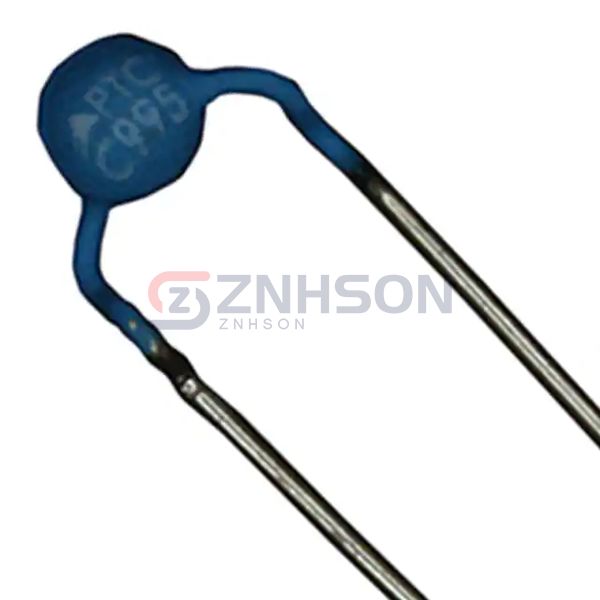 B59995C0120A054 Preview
^^^^
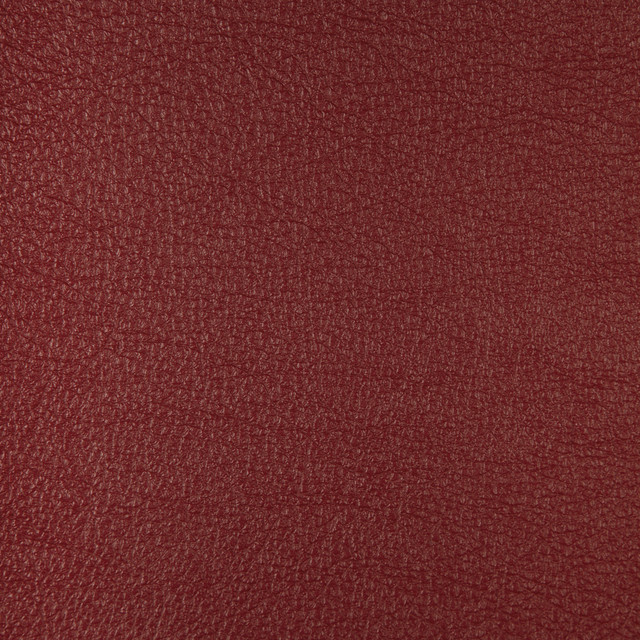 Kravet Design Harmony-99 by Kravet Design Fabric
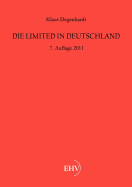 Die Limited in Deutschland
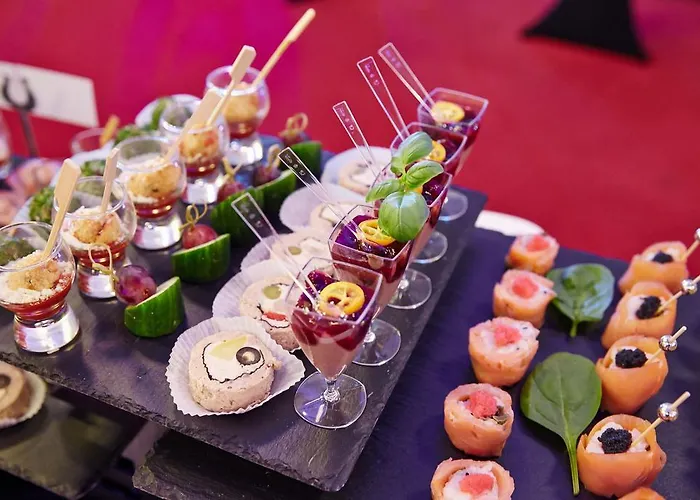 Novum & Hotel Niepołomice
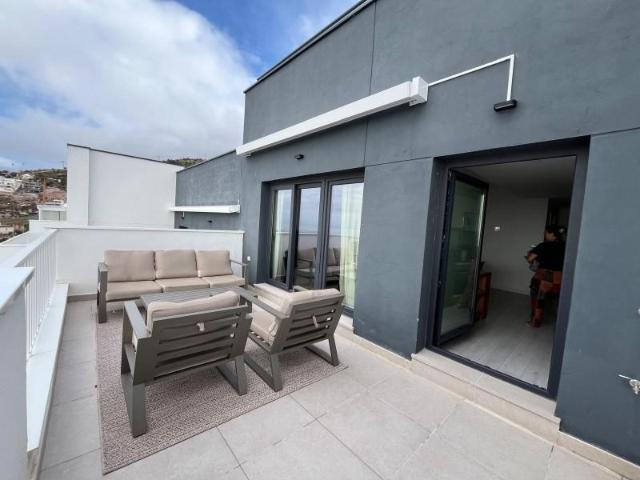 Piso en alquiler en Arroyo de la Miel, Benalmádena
^^^^
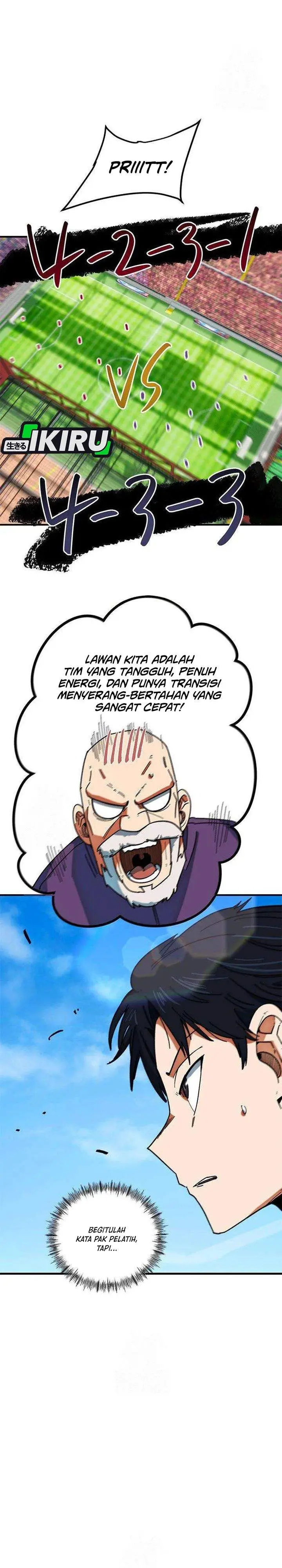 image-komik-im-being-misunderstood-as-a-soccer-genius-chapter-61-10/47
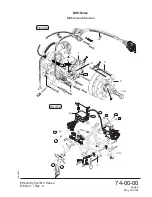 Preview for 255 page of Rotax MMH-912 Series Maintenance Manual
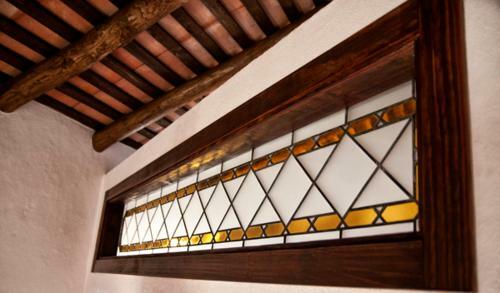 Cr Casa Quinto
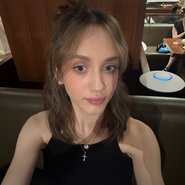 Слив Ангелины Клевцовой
^^^^
**Work to be completed**
Find where the line with "Novum & Hotel Niepołomice" sits in the material above and where the line with "Piso en alquiler" sits. Set down exactly the lines from the first to the second, both included and nothing else, without pictures.

**Response box**
 Novum & Hotel Niepołomice
 Piso en alquiler en Arroyo de la Miel, Benalmádena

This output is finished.